_SOURCE INFORMATION_:

:::::

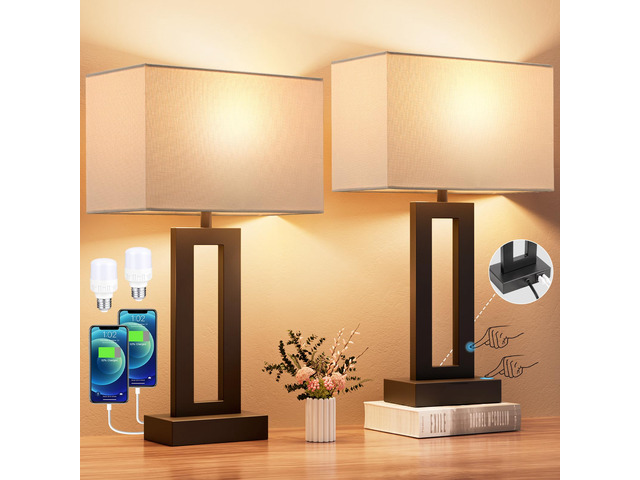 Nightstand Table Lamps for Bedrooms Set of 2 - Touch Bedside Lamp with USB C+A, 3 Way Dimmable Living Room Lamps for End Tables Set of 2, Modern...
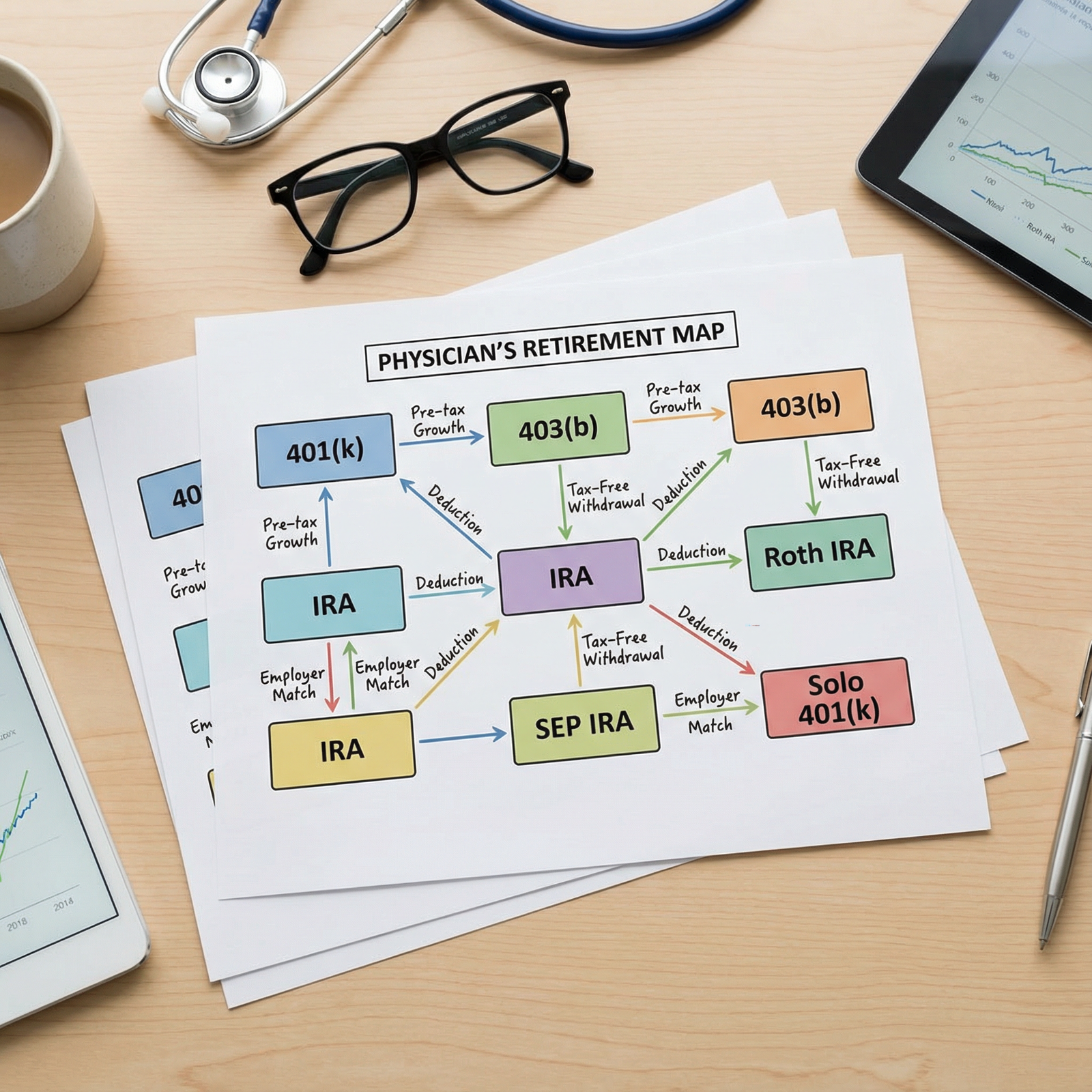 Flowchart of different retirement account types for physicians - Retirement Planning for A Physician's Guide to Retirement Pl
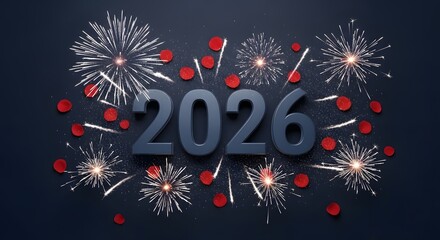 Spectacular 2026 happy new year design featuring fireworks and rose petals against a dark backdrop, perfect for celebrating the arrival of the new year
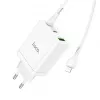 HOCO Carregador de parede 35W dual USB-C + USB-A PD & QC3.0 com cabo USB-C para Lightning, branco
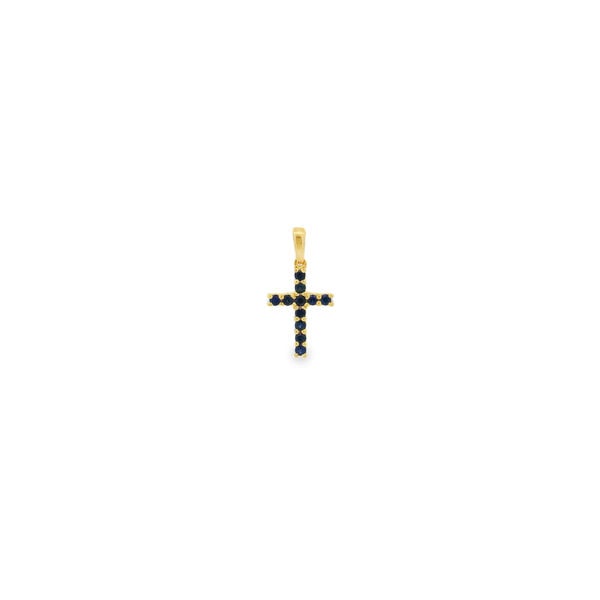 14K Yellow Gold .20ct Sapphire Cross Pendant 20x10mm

:::::

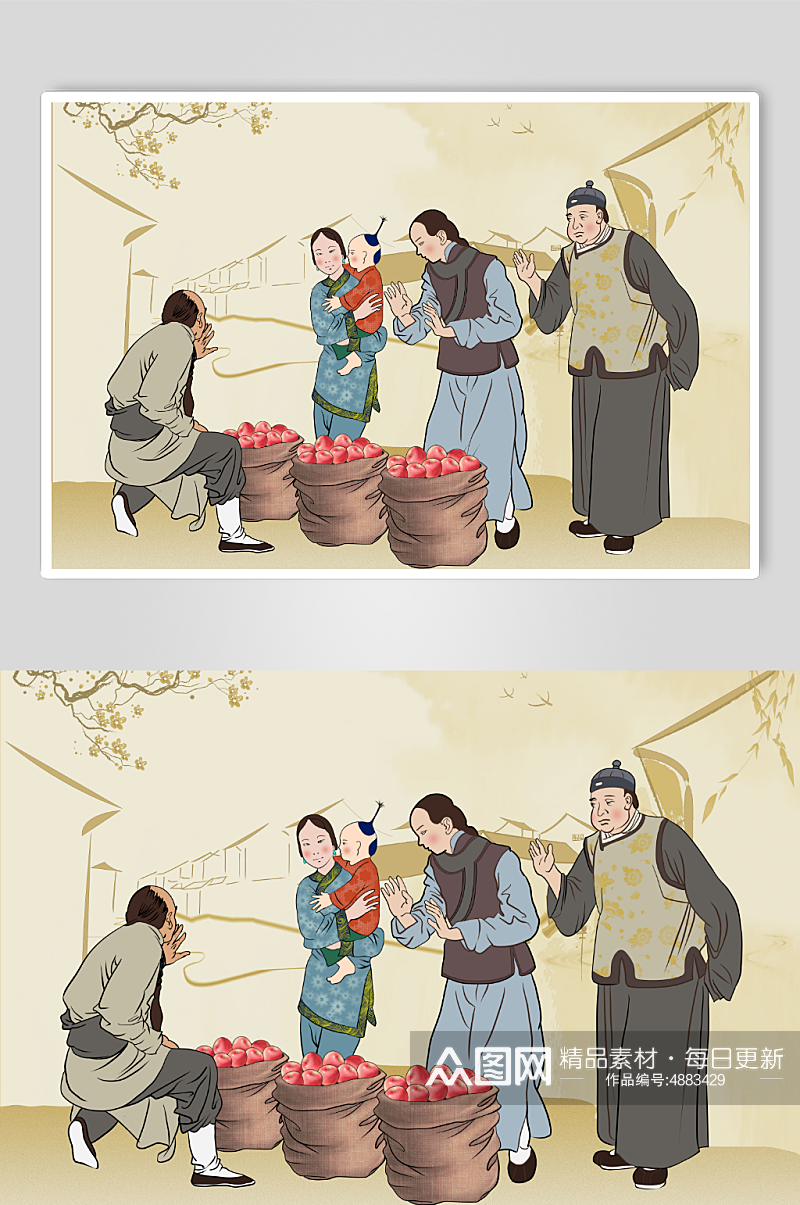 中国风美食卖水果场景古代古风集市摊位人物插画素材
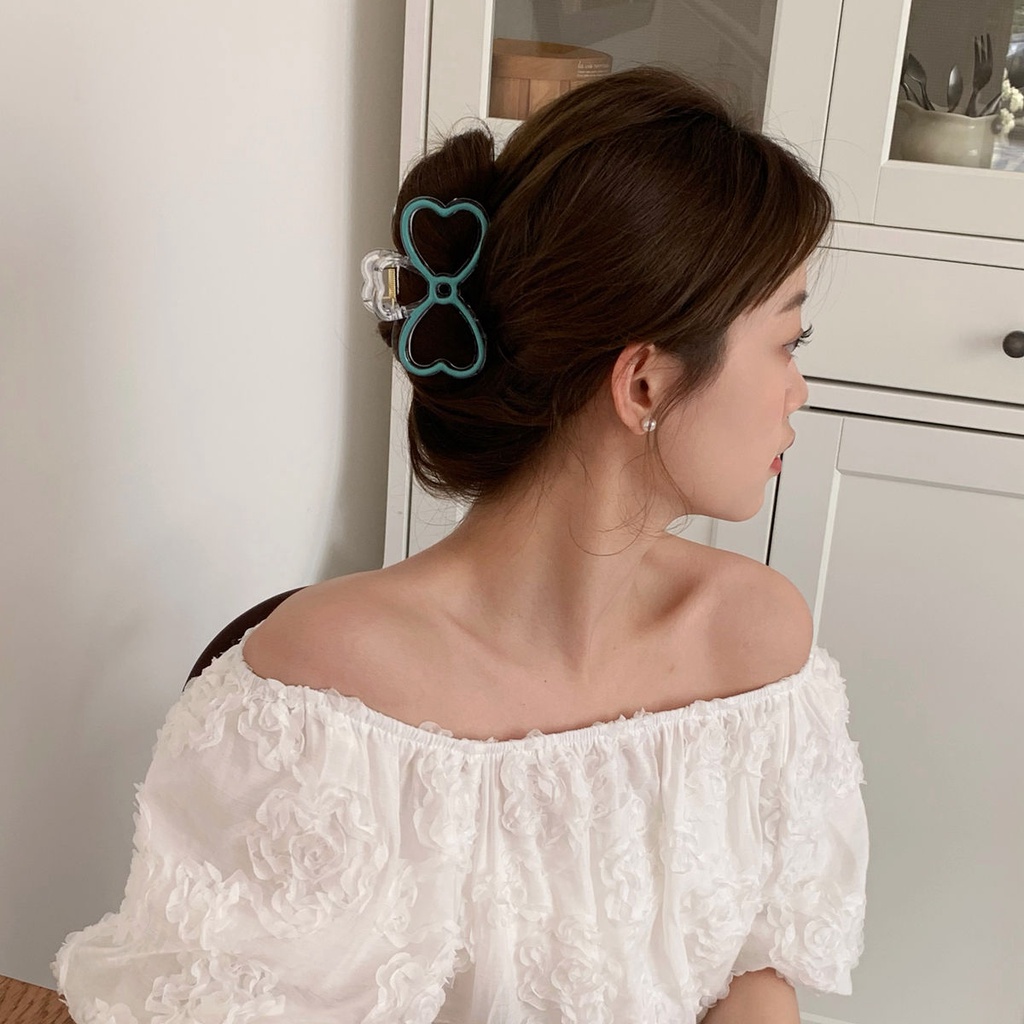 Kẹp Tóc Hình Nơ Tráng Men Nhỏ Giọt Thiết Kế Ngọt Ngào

:::::

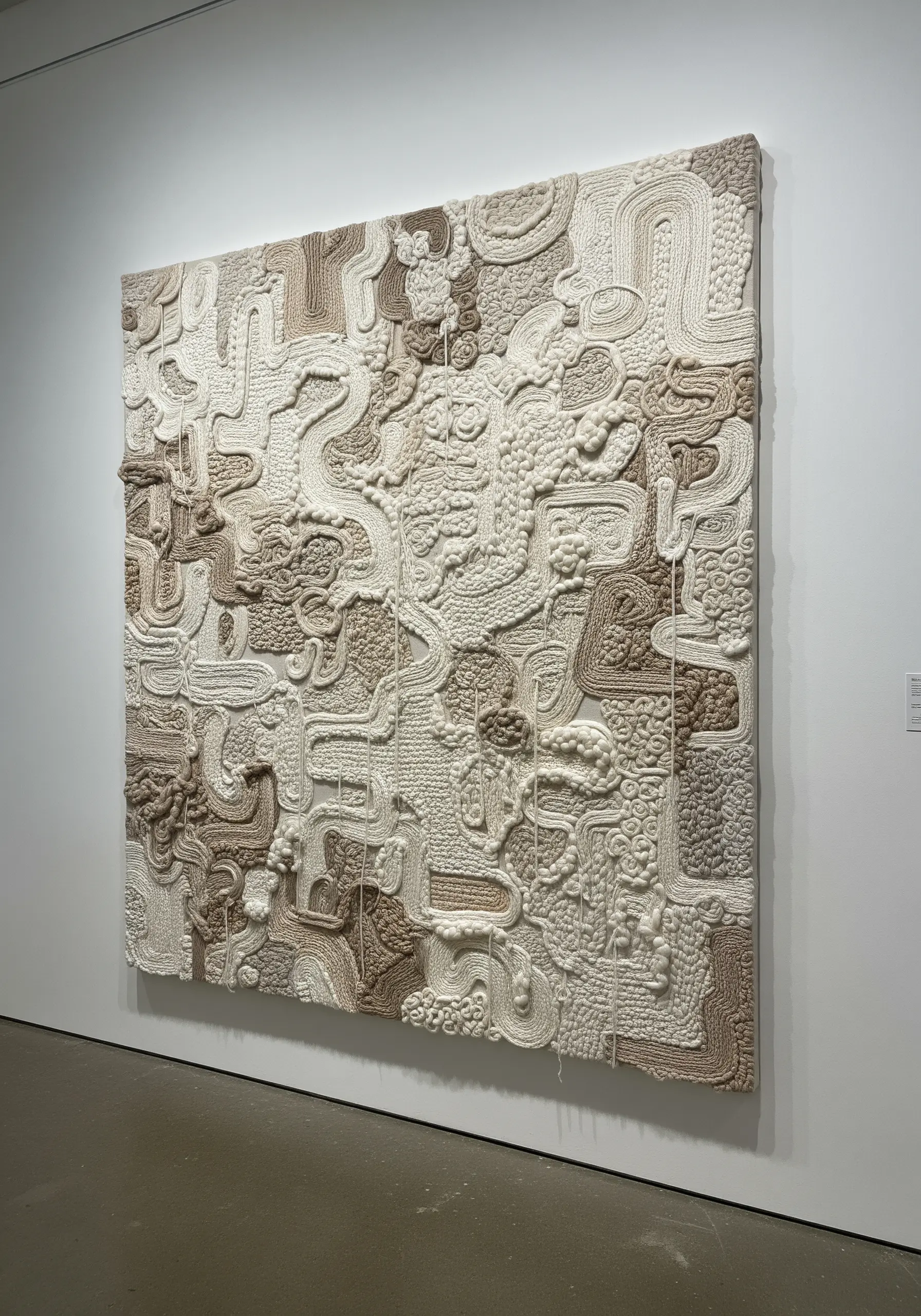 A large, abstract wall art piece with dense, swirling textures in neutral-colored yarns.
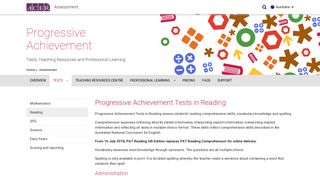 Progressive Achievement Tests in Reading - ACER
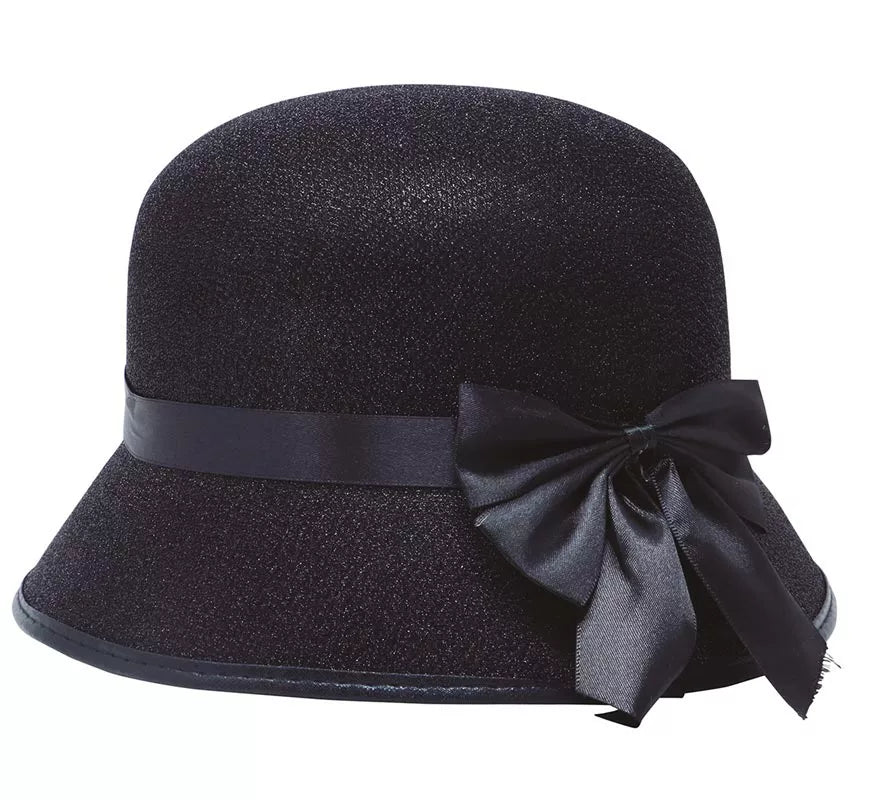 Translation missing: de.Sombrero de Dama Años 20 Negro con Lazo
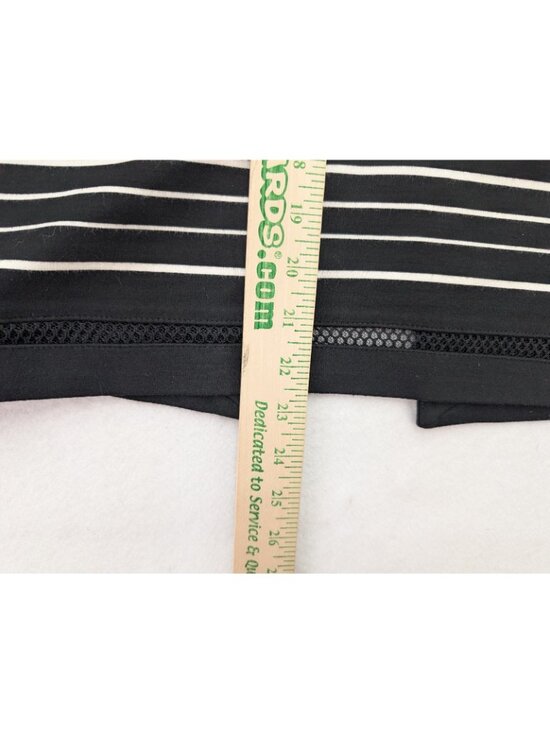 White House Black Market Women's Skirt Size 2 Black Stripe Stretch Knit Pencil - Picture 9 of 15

:::::

_INSTRUCTIONS TO FOLLOW_: When copying from the data above, print only the lines from the line containing "Flowchart of different" to the line containing "HOCO Carregador de", exactly, and leave the pictures out.

_REPLY TO THE EXERCISE_:
 Flowchart of different retirement account types for physicians - Retirement Planning for A Physician's Guide to Retirement Pl
 Spectacular 2026 happy new year design featuring fireworks and rose petals against a dark backdrop, perfect for celebrating the arrival of the new year
 HOCO Carregador de parede 35W dual USB-C + USB-A PD & QC3.0 com cabo USB-C para Lightning, branco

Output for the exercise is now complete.